Читаем Роса на траве. Слово у Чехова полностью

Становится понятным, почему именно Гусев, а не Павел Иваныч, должен был подняться «наверх». Свойственная ему архаичная образность (судно, которое наехало на рыбину; ветер, который сорвался с цепи) – именно та, что необходима автору для того, чтобы изобразить «космическое» равнодушие к человеческой жизни. Мы видим стихию глазами Гусева, но не потому ли, что сам он сродни стихии? Гусев родственен океану и пароходу в том, что, как и они, «не боится ни потемок, ни ветра, ни пространства, ни одиночества». Он также родственен небу – волей к смыслу и жалости, которая противопоставляется океану. В сцене на палубе эта воля заявляет о себе словами героя: «А ничего нету страшного <…> Только жутко, словно в темном лесу сидишь, а ежели б, положим, спустили сей час на воду шлюпку и офицер приказал ехать за сто верст в море рыбу ловить – поехал бы. Или, скажем, крещеный упал бы сейчас в воду – упал бы и я за им» (7: 337).

Важно, что воля к смыслу и жалости не является для Гусева результатом осознанного выбора, нравственного пробуждения. Она дана ему, а значит, и любому, всякому человеку (не случайно, что Гусев – «рядовой»), изначально. Она естественна, природна ничуть не в меньшей степени, чем неодухотворенная стихия.

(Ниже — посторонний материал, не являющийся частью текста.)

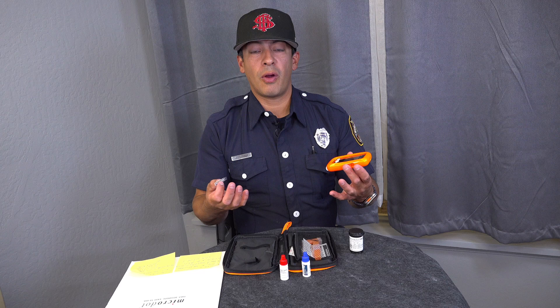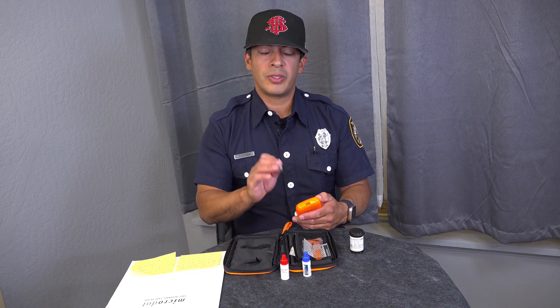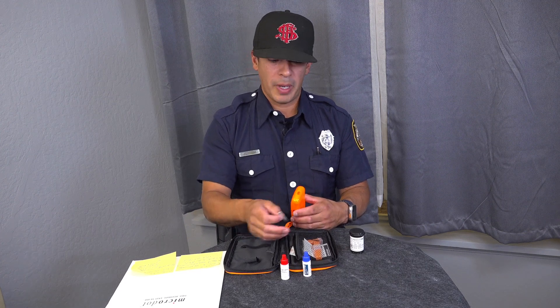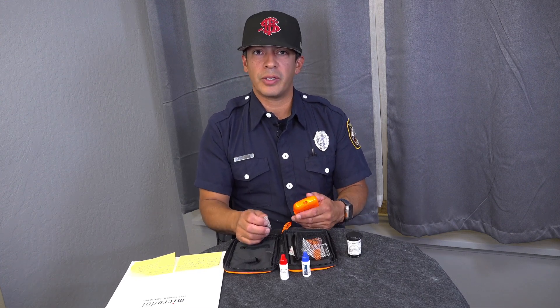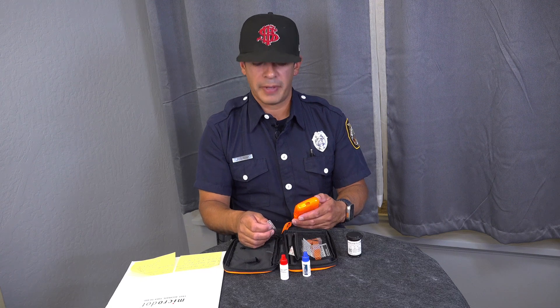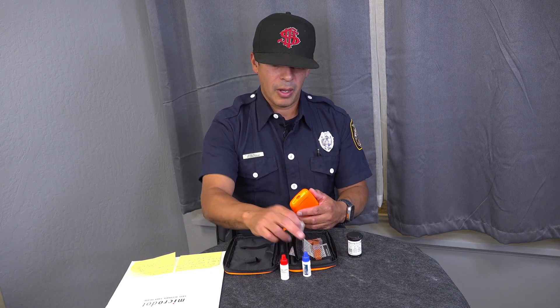Now we're going to go over the procedure for the control solution. The control solution is going to be utilized when you open up a new container of lancet strips, and/or if you feel there are really inaccurate readings — that way you can verify the highs and lows. Right now we'll do the high. We have a high in red and low in blue.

В самом Гусеве, как уже говорилось, есть свое небо и свой океан. Небо Гусева – это его родина и родные, с которыми Господь «привел повидаться». Океан Гусева – «бычья голова без глаз». Последняя – не просто внешняя сила, но и темный лик самого героя. Он – на той ступени развития, где еще не осознана ценность любой человеческой жизни, независимо от вероисповедания или социального положения. «Порядок такой», – говорит Гусев, словно бы заранее соглашаясь на всё, что делают с ним и остальными. Слепая покорность соединяется в нем, как показывают воспоминания героя о службе, со вспышками агрессии и нетерпимости.

Итак, небо, океан и человек не существуют отдельно друг от друга. Силовые линии океана и неба проходят сквозь человека, поставленного в центр повествования. Вольно или невольно он участвует в их противостоянии и влияет на его исход. Ни в небе, ни в океане нет ничего такого, чего не было бы в самом человеке. Они взаимопроницаемы, иначе говоря – зарифмованы; между ними действует закон подобия большого и малого, макро– и микромира.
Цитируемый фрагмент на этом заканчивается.